» Listed entries

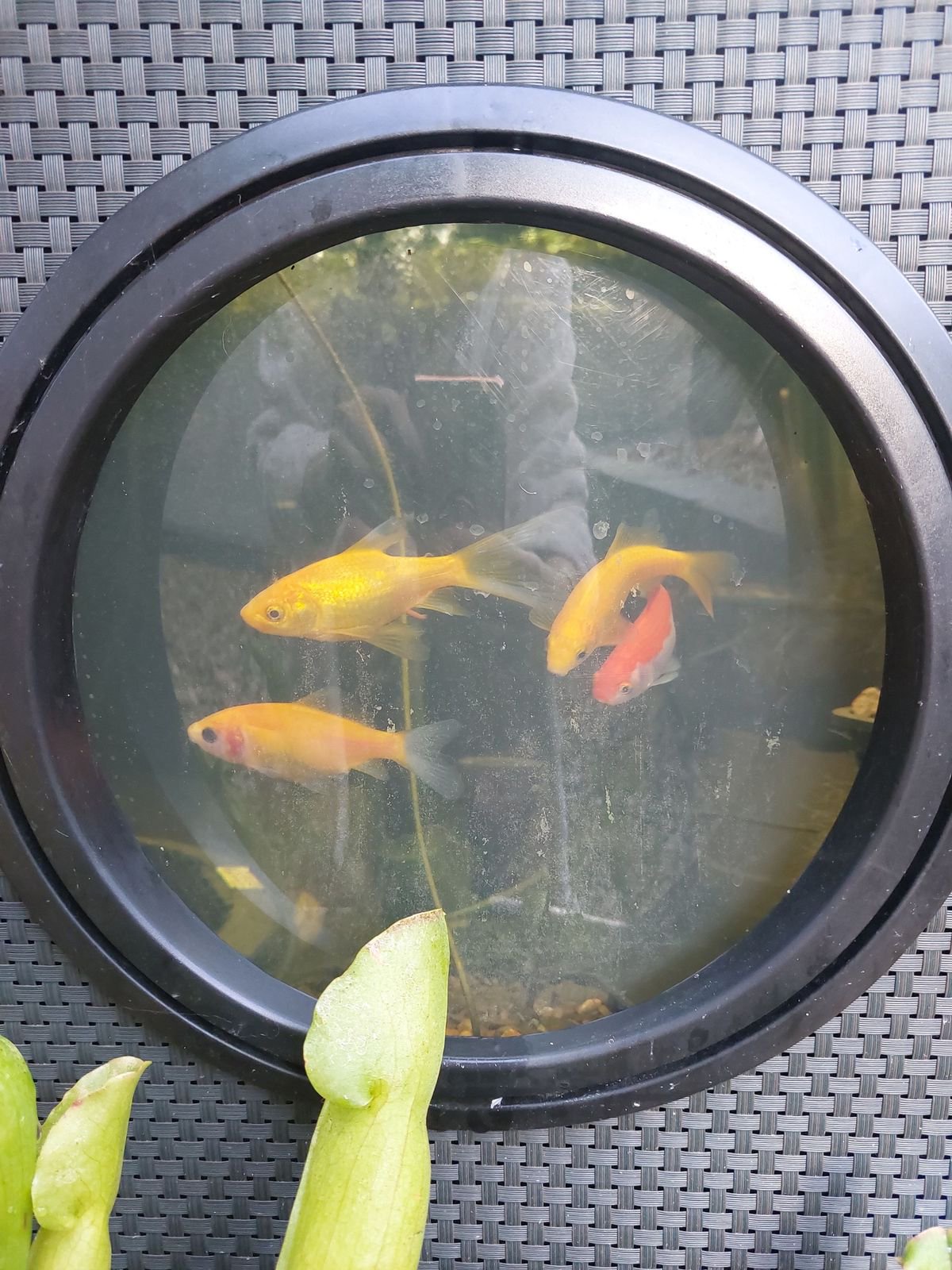 Cheltenham woman baffled at where her fish had gone – one look at CCTV and she found the culprits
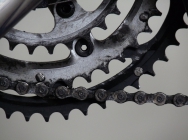 "Riudoms Pedala" premia els i les alumnes que més han utilitzat la bicicleta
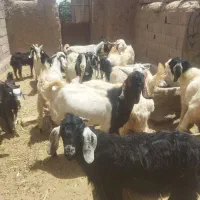بزوبزغاله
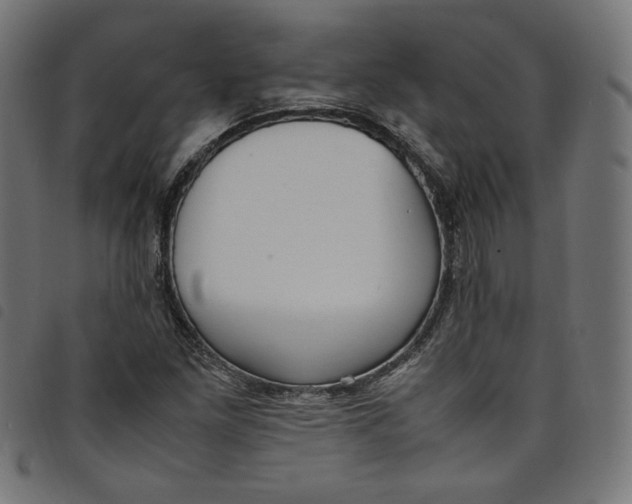 X0000098121261200804251443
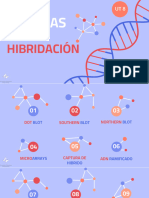 UT 8. Técnicas de hibridación de ácidos nucleicos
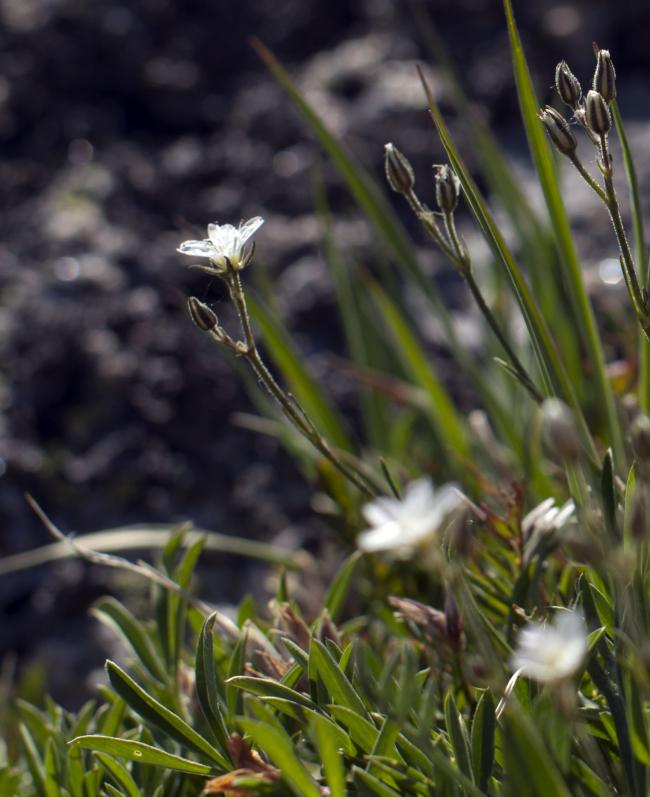 Wildflower photo.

» Directions for this task
Beginning at the line that contains "UT 8. Técnicas", transcribe it and every later line through the last line of the data above, exactly, and drop the pictures.

» Task output
 UT 8. Técnicas de hibridación de ácidos nucleicos
 Wildflower photo.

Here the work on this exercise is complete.